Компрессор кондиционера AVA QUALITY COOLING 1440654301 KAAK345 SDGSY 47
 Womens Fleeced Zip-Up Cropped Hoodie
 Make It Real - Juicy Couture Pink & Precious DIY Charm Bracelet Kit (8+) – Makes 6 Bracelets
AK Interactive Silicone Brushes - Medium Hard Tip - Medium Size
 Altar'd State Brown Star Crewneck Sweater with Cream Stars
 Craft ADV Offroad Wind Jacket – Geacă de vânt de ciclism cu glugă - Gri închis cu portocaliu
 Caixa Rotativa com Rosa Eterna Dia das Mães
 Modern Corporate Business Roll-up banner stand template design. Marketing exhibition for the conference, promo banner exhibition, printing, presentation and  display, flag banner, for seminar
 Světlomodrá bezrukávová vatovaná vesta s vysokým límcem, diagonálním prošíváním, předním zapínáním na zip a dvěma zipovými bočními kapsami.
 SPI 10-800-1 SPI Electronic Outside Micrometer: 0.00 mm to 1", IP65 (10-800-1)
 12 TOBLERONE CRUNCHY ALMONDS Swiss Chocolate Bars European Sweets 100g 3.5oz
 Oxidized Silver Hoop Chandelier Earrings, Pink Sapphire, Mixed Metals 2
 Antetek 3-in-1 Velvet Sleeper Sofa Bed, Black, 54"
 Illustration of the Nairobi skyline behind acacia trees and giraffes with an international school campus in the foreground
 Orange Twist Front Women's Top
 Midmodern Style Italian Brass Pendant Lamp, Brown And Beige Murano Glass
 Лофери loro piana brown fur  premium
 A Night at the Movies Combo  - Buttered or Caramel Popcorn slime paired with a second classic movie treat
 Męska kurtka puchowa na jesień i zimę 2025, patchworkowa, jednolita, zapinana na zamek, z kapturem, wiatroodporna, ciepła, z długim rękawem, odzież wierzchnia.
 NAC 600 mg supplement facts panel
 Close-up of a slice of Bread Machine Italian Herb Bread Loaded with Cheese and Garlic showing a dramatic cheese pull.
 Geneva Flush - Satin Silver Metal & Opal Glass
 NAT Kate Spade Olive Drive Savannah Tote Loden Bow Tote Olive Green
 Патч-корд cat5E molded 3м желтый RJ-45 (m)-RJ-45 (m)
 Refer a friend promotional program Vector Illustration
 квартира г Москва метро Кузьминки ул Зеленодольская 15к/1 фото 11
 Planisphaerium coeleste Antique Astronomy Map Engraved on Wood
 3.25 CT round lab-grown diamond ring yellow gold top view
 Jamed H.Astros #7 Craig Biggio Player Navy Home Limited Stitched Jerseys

Work to complete:
All the entries above need to be repeated word for word.

Reply to the exercise:
Компрессор кондиционера AVA QUALITY COOLING 1440654301 KAAK345 SDGSY 47
 Womens Fleeced Zip-Up Cropped Hoodie
 Make It Real - Juicy Couture Pink & Precious DIY Charm Bracelet Kit (8+) – Makes 6 Bracelets
AK Interactive Silicone Brushes - Medium Hard Tip - Medium Size
 Altar'd State Brown Star Crewneck Sweater with Cream Stars
 Craft ADV Offroad Wind Jacket – Geacă de vânt de ciclism cu glugă - Gri închis cu portocaliu
 Caixa Rotativa com Rosa Eterna Dia das Mães
 Modern Corporate Business Roll-up banner stand template design. Marketing exhibition for the conference, promo banner exhibition, printing, presentation and  display, flag banner, for seminar
 Světlomodrá bezrukávová vatovaná vesta s vysokým límcem, diagonálním prošíváním, předním zapínáním na zip a dvěma zipovými bočními kapsami.
 SPI 10-800-1 SPI Electronic Outside Micrometer: 0.00 mm to 1", IP65 (10-800-1)
 12 TOBLERONE CRUNCHY ALMONDS Swiss Chocolate Bars European Sweets 100g 3.5oz
 Oxidized Silver Hoop Chandelier Earrings, Pink Sapphire, Mixed Metals 2
 Antetek 3-in-1 Velvet Sleeper Sofa Bed, Black, 54"
 Illustration of the Nairobi skyline behind acacia trees and giraffes with an international school campus in the foreground
 Orange Twist Front Women's Top
 Midmodern Style Italian Brass Pendant Lamp, Brown And Beige Murano Glass
 Лофери loro piana brown fur  premium
 A Night at the Movies Combo  - Buttered or Caramel Popcorn slime paired with a second classic movie treat
 Męska kurtka puchowa na jesień i zimę 2025, patchworkowa, jednolita, zapinana na zamek, z kapturem, wiatroodporna, ciepła, z długim rękawem, odzież wierzchnia.
 NAC 600 mg supplement facts panel
 Close-up of a slice of Bread Machine Italian Herb Bread Loaded with Cheese and Garlic showing a dramatic cheese pull.
 Geneva Flush - Satin Silver Metal & Opal Glass
 NAT Kate Spade Olive Drive Savannah Tote Loden Bow Tote Olive Green
 Патч-корд cat5E molded 3м желтый RJ-45 (m)-RJ-45 (m)
 Refer a friend promotional program Vector Illustration
 квартира г Москва метро Кузьминки ул Зеленодольская 15к/1 фото 11
 Planisphaerium coeleste Antique Astronomy Map Engraved on Wood
 3.25 CT round lab-grown diamond ring yellow gold top view
 Jamed H.Astros #7 Craig Biggio Player Navy Home Limited Stitched Jerseys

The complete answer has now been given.